Rishi Sunak has unveiled what he described as the biggest business tax cut in British history, offering companies the chance to reduce their bill by 130 per cent of any amount invested.
The chancellor said the unprecedented move would deliver a significant boost to the UK’s economic recovery in the wake of the coronavirus pandemic.
But he admitted the idea, dubbed the ‘super deduction’, which would effectively pay companies to invest, had never been tried before in the UK.
The gamble was necessary because the country “needs an investment led recovery”, he told MPs as he unveiled his budget.
He said the move was supported by the independent Office for Budget Responsibility, which said it would boost business investment by around 10 per cent, or £20bn a year.
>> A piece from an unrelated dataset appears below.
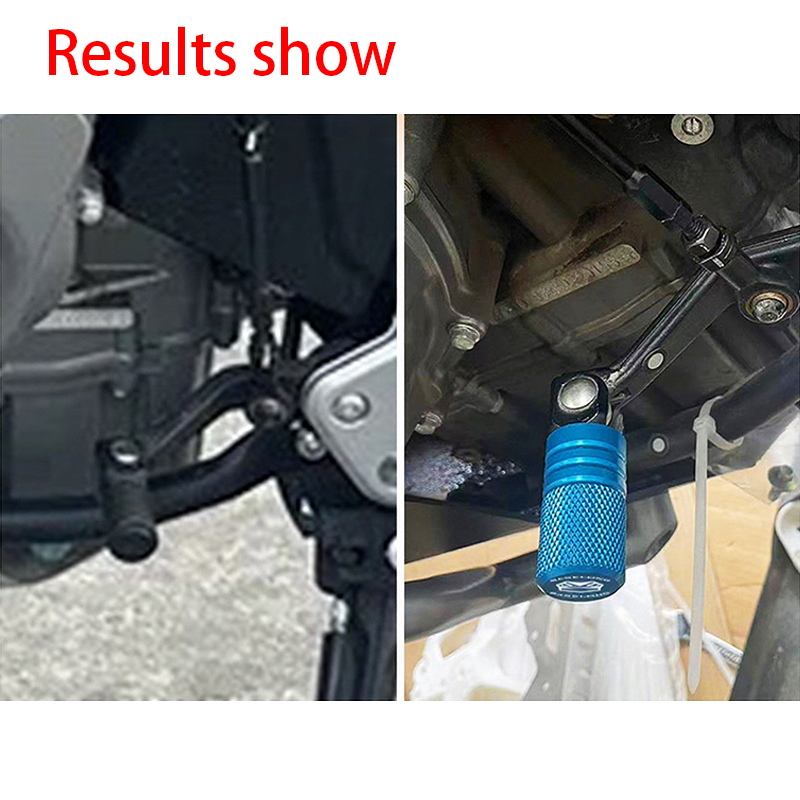 CFmoto 450mt용, 오토바이 수정 변속 레버 커 - Motorcycle Gear Lever Extender 리뷰 및 가격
Mr Sunak said the change would make the UK’s tax regime for business investment “truly world leading”.
At the moment businesses can only reduce their tax bill by a fraction of the money they have spent on investment.
Labour leader Sir Keir Starmer said he wanted to see the details of the scheme, but added: “It is unlikely to make up for the last ten years, when the levels of private investment growth have trailed other countries”.
The changes are due to come into effect at the start of next month and will be worth up £25 billion to companies over two years.
Setting out how it would work, Mr Sunak said that under existing rules a construction firm which bought £10m of new equipment could reduce its taxable income that year by £2.6m.
However, under the new scheme that reduction would be £13 million.
In its assessment the OBR added a note of caution, saying the super deduction “largely brings forward planned investment from future years.”